(Beginning of Stored data)

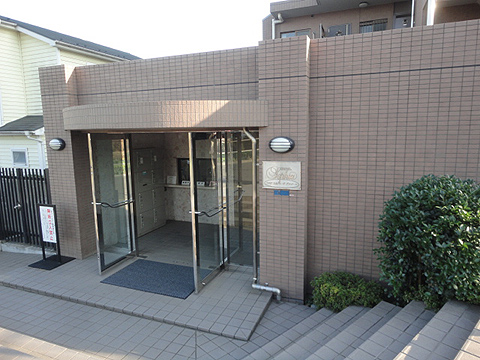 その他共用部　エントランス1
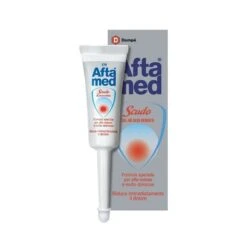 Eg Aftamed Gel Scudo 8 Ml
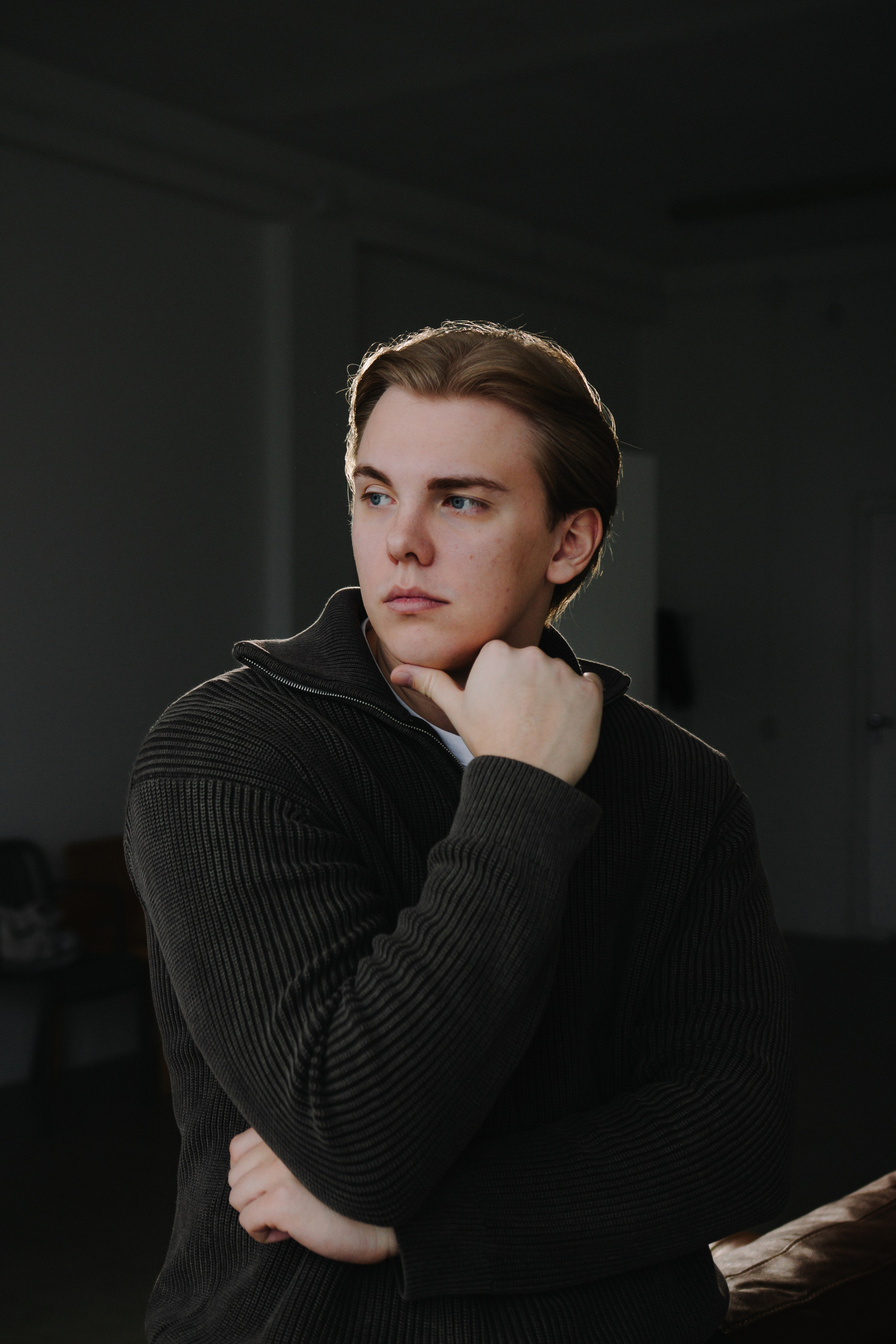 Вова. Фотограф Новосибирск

(End of Stored data)

What the answer must hold: all the data above, given again exactly, without pictures.

 その他共用部　エントランス1
 Eg Aftamed Gel Scudo 8 Ml
 Вова. Фотограф Новосибирск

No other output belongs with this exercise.